Archive for the ‘Alethea Kontis’ Category
New York Times and USA Today bestselling author Alethea Kontis is a princess, a fairy godmother, and a geek. She’s known for screwing up the alphabet, scolding vampire hunters, and ranting about fairy tales on YouTube. Her YA novels have won two Gelett Burgess Awards, and she’s twice been nominated for the Andre Norton award. She’s the author of Wild and Wishful, Dark and Dreaming, the AlphaOops series, the ongoing Arilland Fairy Tale series, and her short fiction has appeared in Apex Magazine, Orson Scott Card’s Intergalactic Medicine Show, Shimmer Magazine, Shroud Magazine, and various anthologies.
Alethea’s newest novel is Haven, Kansas. She was kind enough to let me in on all the behind the scenes secrets of how this accidentally humorous and on-purpose scary horror novel came about, her Traveling Sideshow, how she scored such beautiful cover art for this newest novel, and more. Learn more about Alethea at her website AletheaKontis.com, her Patreon site, or follow her on twitter @AletheaKontis.
And Alethea? If you’d like to place your next novel in Hell, here you go. While she’s brainstorming on that plot, let’s the rest of us enjoy this fantastic interview!
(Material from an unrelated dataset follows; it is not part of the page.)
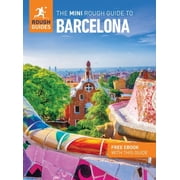 Mini Rough Guides The Mini Rough Guide to Barcelona Travel Guide with eBook, Paperback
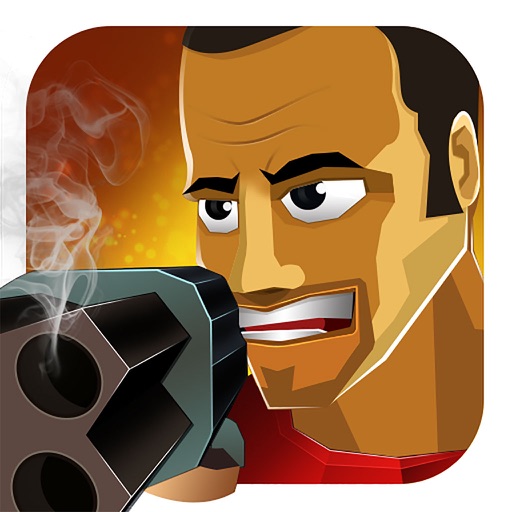 Miami Mafia Drive and Chase to Kill-City Police Crime Simulator Free Icon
Little Red Reviewer: Haven, Kansas is first and foremost a horror story, but it’s also very humorous! Did you set out from the start to include funny lines, or did they just grow with the story as you were writing? What’s the trick to successfully mixing humor and horror?
Alethea Kontis: I’ve been writing regularly—and submitting for publication—since I was eight years old. Due to a genius-level aptitude for math and science (because: irony), I did not take a formal class on fiction writing until I was 27 (Orson Scott Card’s Literary Boot Camp). One of the things I learned in that class was, “Humor sells. But it is almost impossible to write, and write well, so just don’t do it.” So I didn’t do it. I didn’t even try. I wrote dialogue I felt was real, and true to my characters, and I moved on.
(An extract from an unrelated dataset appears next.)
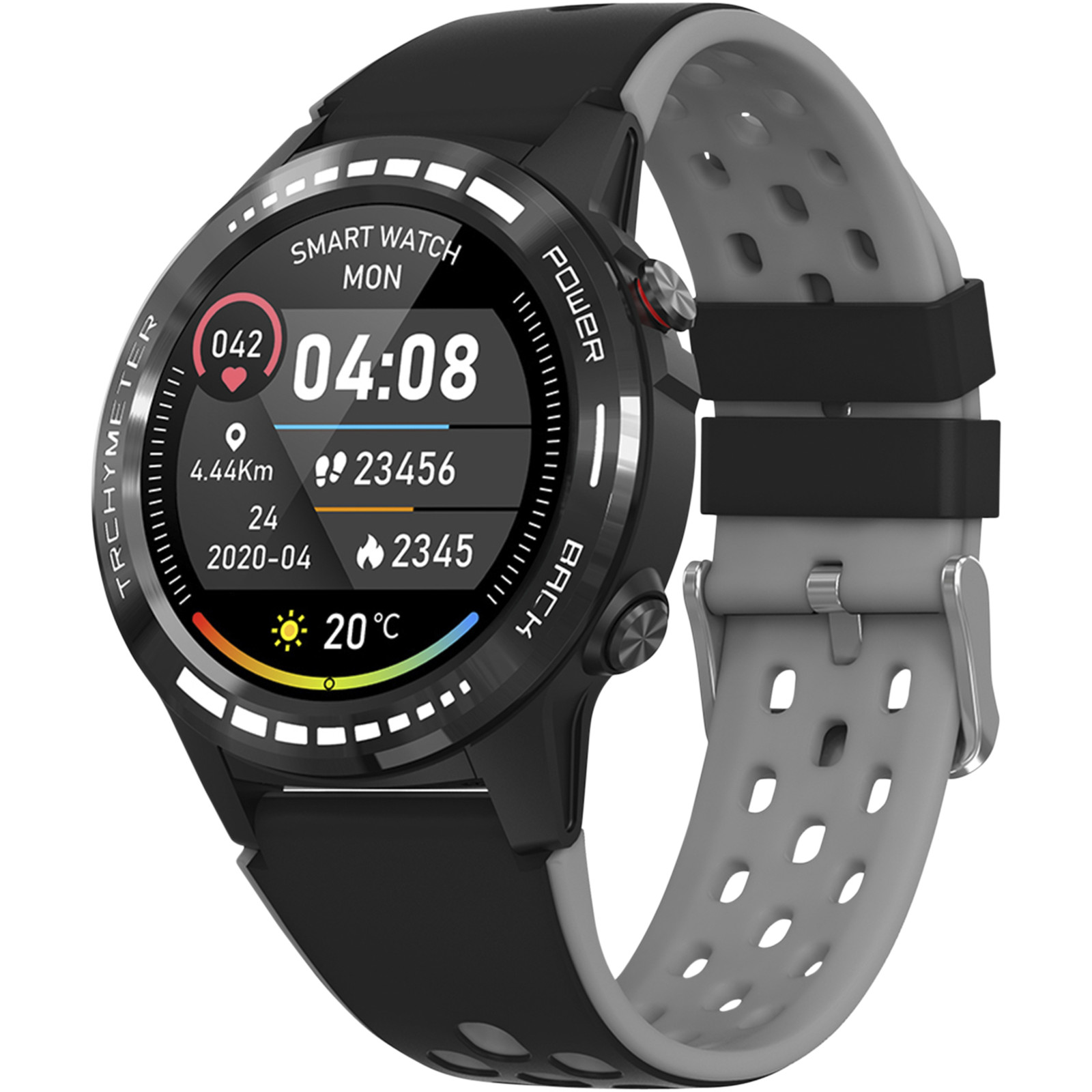 Prixton 2025 smartwatch ecg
And then I started hearing back from readers. I mean, beyond the AlphaOops books, because they were supposed to be funny….but like, I remember one of the first reviewers for Dearest said how it was the most romantic and funniest novel I had ever written, and I was shocked. Really? Romantic, yes, but I didn’t write it to be funny! I just created a world that included seven brothers who talked smack to each other, like every bunch of guys I’ve ever hung out with. I felt much the same way when I started getting feedback about the humor in Haven, Kansas. Humor and horror? Who does that? But I’m one of those crazy people who will cry all the way up to a funeral and then almost burst out laughing in the middle of the ceremony. Humor and hurt and fear and love…they’re all feelings—true feelings—that we all feel, whether we have control over them or not.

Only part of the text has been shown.